## [SUPPLIED INFORMATION]
◇ ◇ ◇ ◇ ◇ ◇ ◇

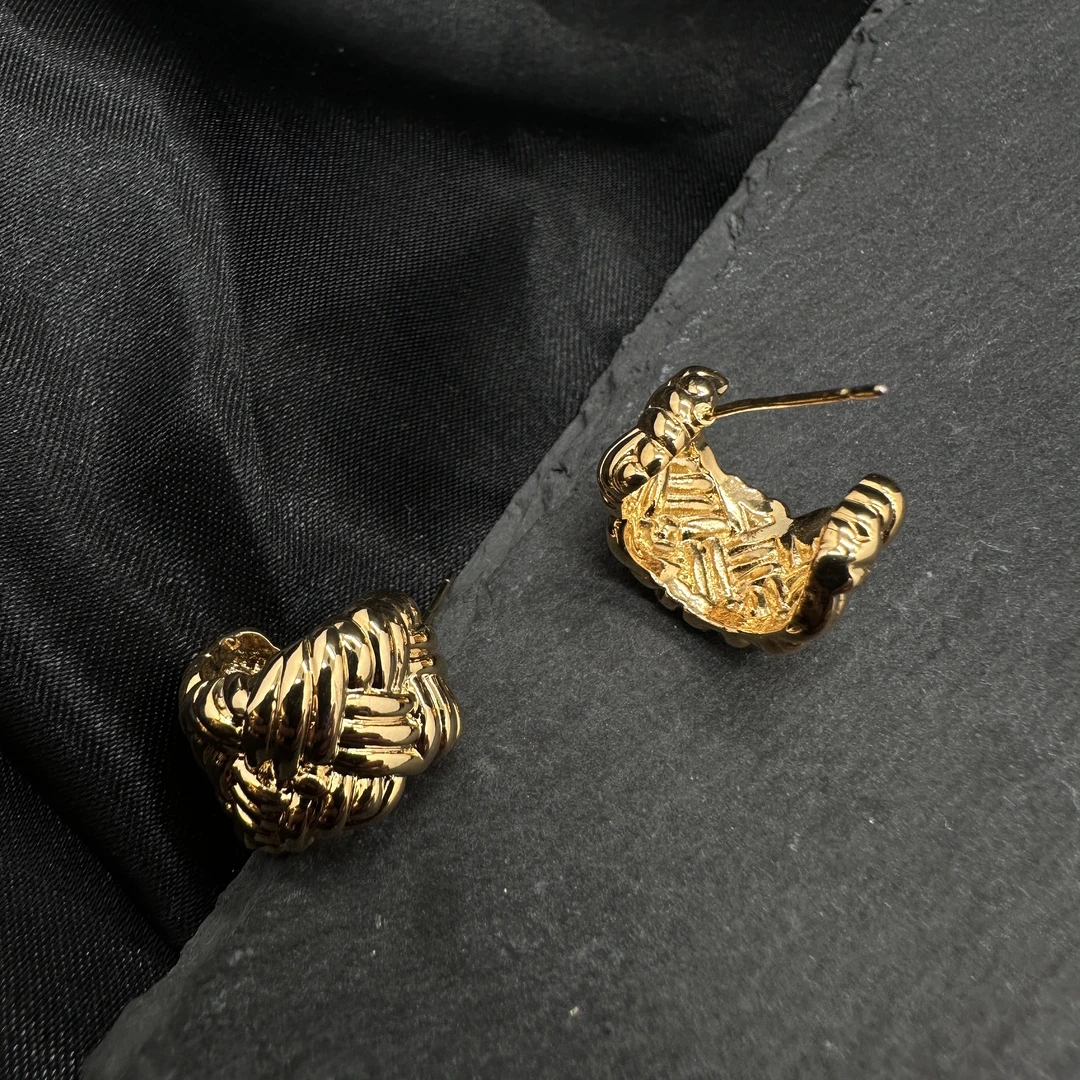 铜合金耳饰 0716 Acc-918 欧美金色复古时尚轻奢中古感耳饰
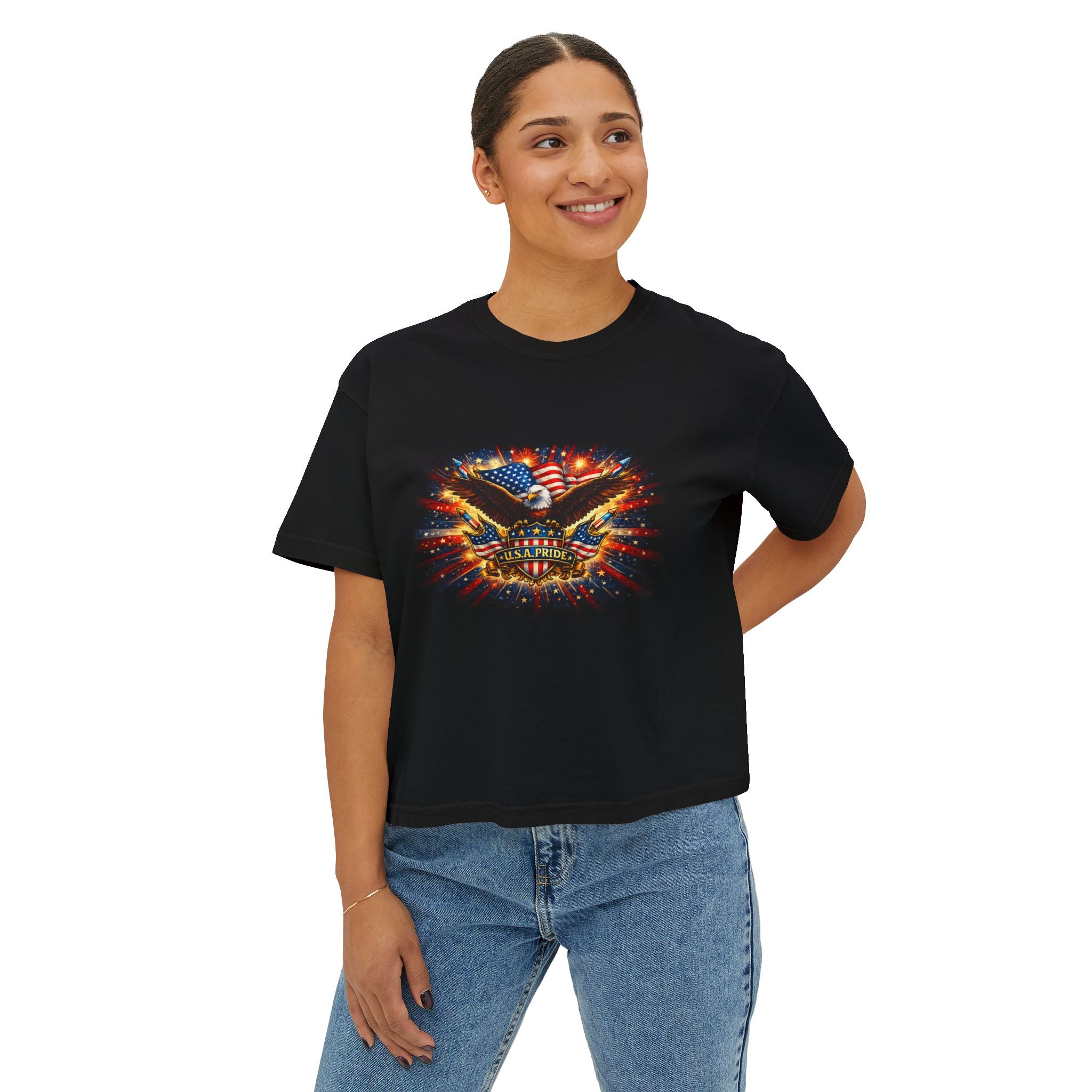 Patriotic Eagle Skull Boxy Tee — American Flag Graphic Women’s Shirt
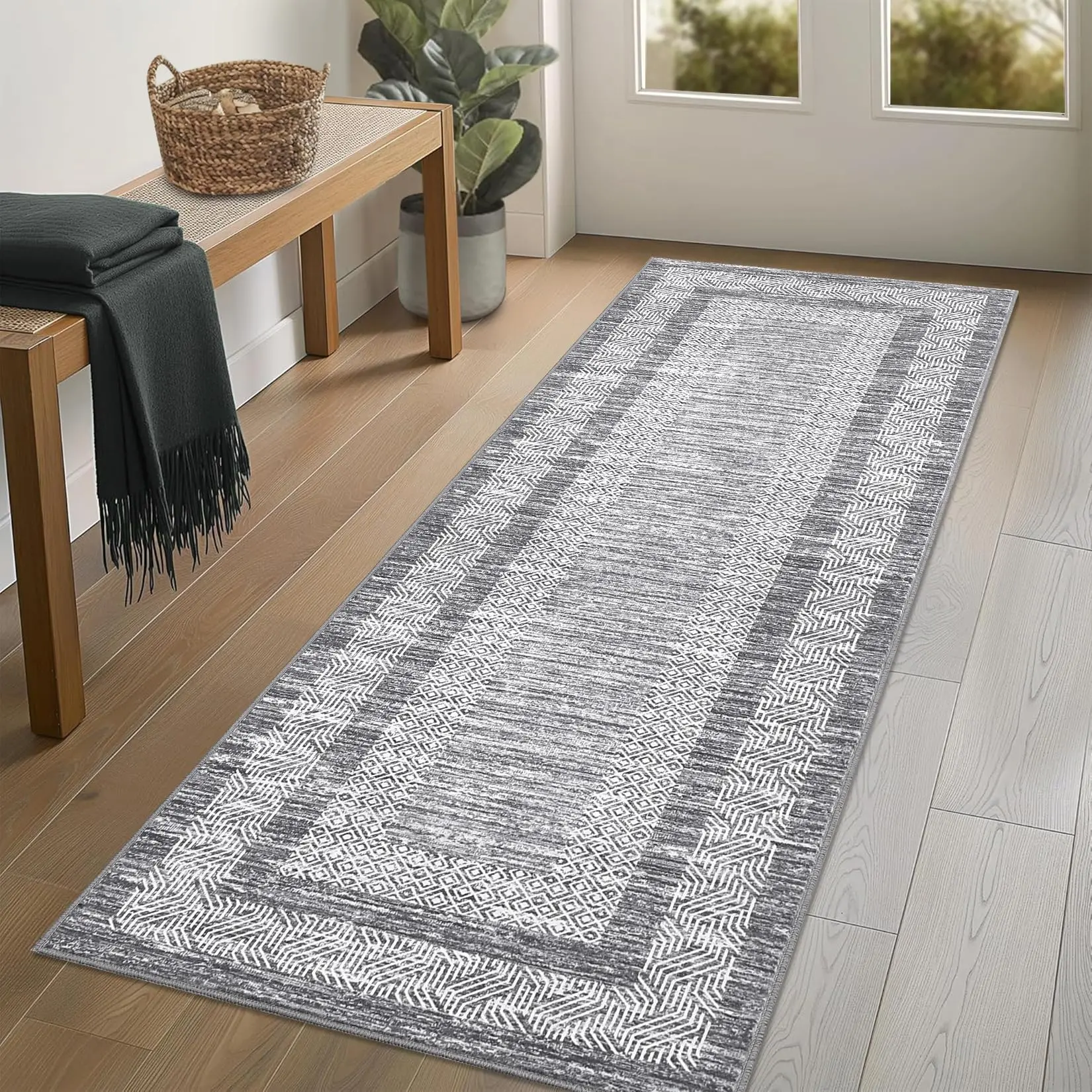 Runner Rug 2x6 Washable Rug Hallway Rug Runner Modern Bordered Rug Soft Non Slip Floor Cover Neutral Accent Carpet Runner for Entryway Laundry Kitchen Rug, Grey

◇ ◇ ◇ ◇ ◇ ◇ ◇

## [ABOUT THIS TASK]
Give every line above again exactly, omitting whatever pictures appear.

## [RESPONSE TO THIS TASK]
 铜合金耳饰 0716 Acc-918 欧美金色复古时尚轻奢中古感耳饰
 Patriotic Eagle Skull Boxy Tee — American Flag Graphic Women’s Shirt
 Runner Rug 2x6 Washable Rug Hallway Rug Runner Modern Bordered Rug Soft Non Slip Floor Cover Neutral Accent Carpet Runner for Entryway Laundry Kitchen Rug, Grey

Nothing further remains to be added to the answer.